Story: In the distant future, the apocalypse has begun. While the drama of the word is missing, the description is accurate, as the universe is falling apart... and has been for years. Literally holes are torn in the fabric of reality seemingly at random leaving destruction and displaced planets/solar systems throughout.

Mankind has survived so far, but there is no unity. Rather, there are clans holding on desperately to ships and technology they can no longer reproduce, many forced to follow warlords who managed to get their hands on weapons from before everything went to hell and now use this power as tyrants.

However, not all are just trying to get by or only interested in ruling their tiny little empire. Your clan, for example, is trying to understand what happened, and perhaps how to stop the decay of the universe by this understanding. As a scout for your clan, part of your mission is to investigate this when you find such pre-Event technology. Unfortunately for you this investigation went bad. The very jump you used to get close tipped the already unstable reality of the installation you found over the edge, sending it to some far-flung part of the universe, and you in it's wake.

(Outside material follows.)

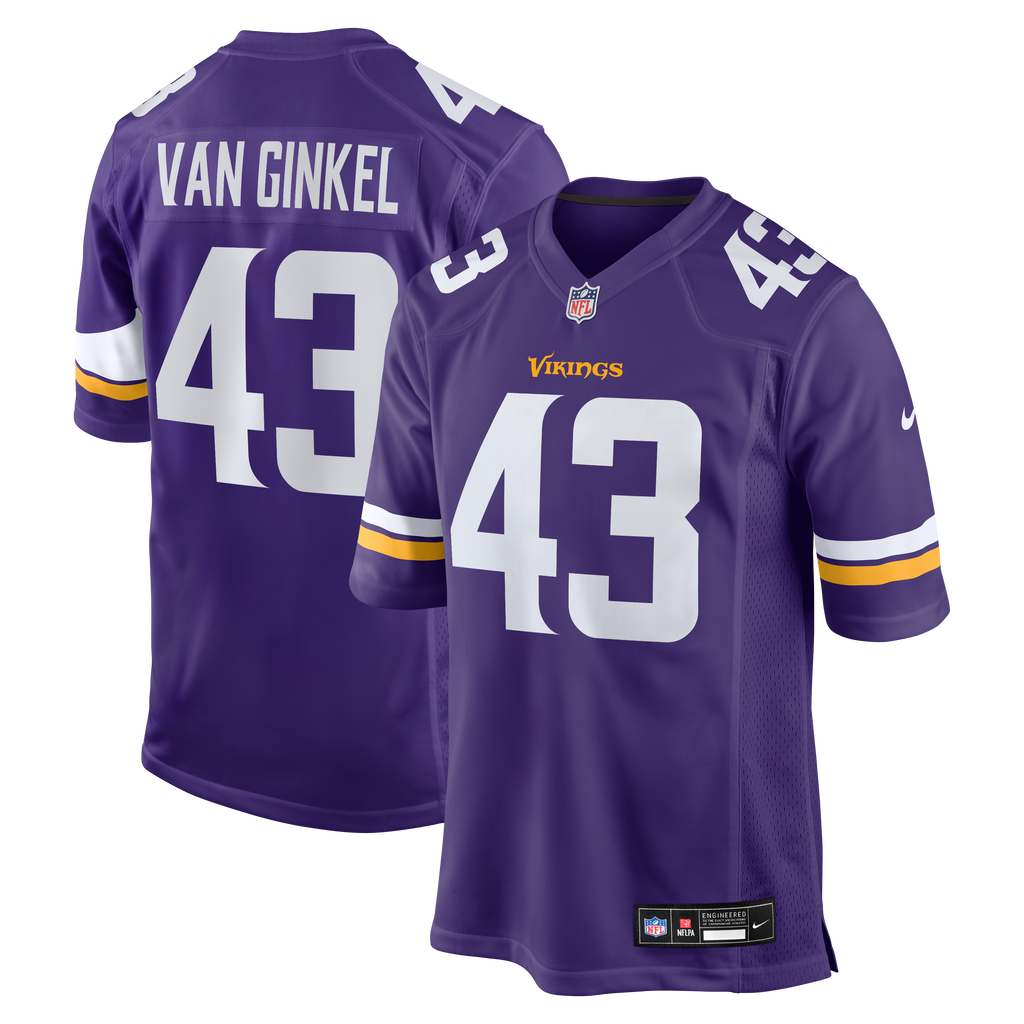 Men's Minnesota Vikings Andrew Van Ginkel Nike  Purple Team Game Jersey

Now you are alone, beyond the reach of your clan, and with no hope of getting home with your current equipment. Rather, your only real chance is to now venture inside and hope you can find something there that will help you get home.

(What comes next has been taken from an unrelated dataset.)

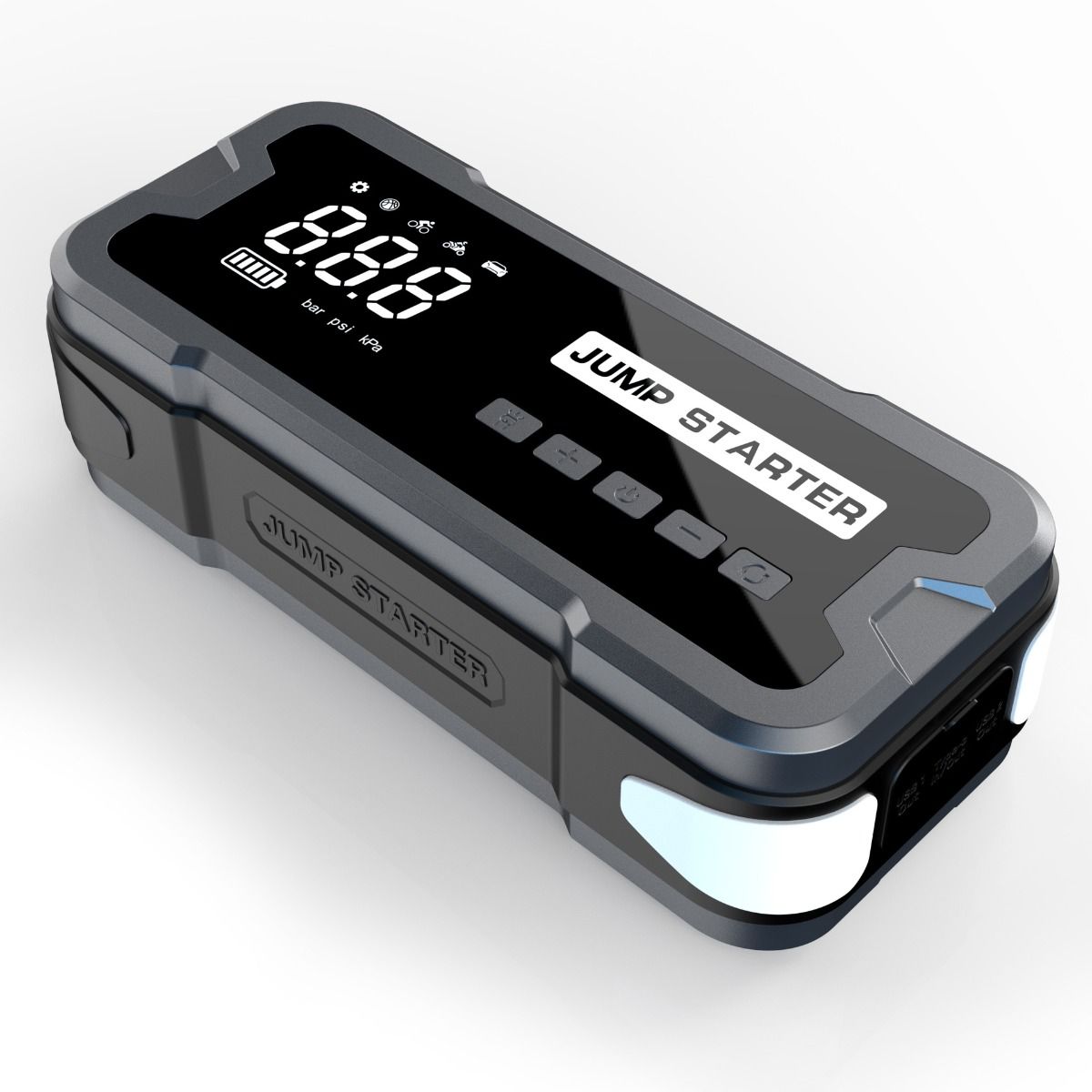 Mångsidig Jump Starter Power Bank Bärbar Laddare med Däckpump och Säkerhet Funktioner för Nödsituationer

From this point, you will find this game's story very reminiscent of old-school 90s PC games... there isn't any more than this. The only details you will get from here until the very end are snippets of data from those who once ran the facility you now find yourself flying through until you finish your adventure. At this point you will be treated to a very barebones ending that explains little at best and is again, reminiscent of 90s gaming for it.

5/10

Graphics: Much like the story, the game’s look will remind you of a time in gaming over 20 years ago. You will play from the point of view of the cockpit of your little gunner ship as you traverse a very colorful grounds alternating between well crafted, and detailed technological tunnels and rooms to intricately mined out parts of the asteroid. But this detail is painted up with low-level bitmaps, imitating an old-school aesthetic you would get from playing games like Descent or the original Quake back in the day. The result are incredibly clean retro looking levels, even as it’s clearly a little too complex to actually be the old tech. To go with this, the robots you face off with will fit right in, most of them being fairly simplistic looking in design to fit the feel of the game.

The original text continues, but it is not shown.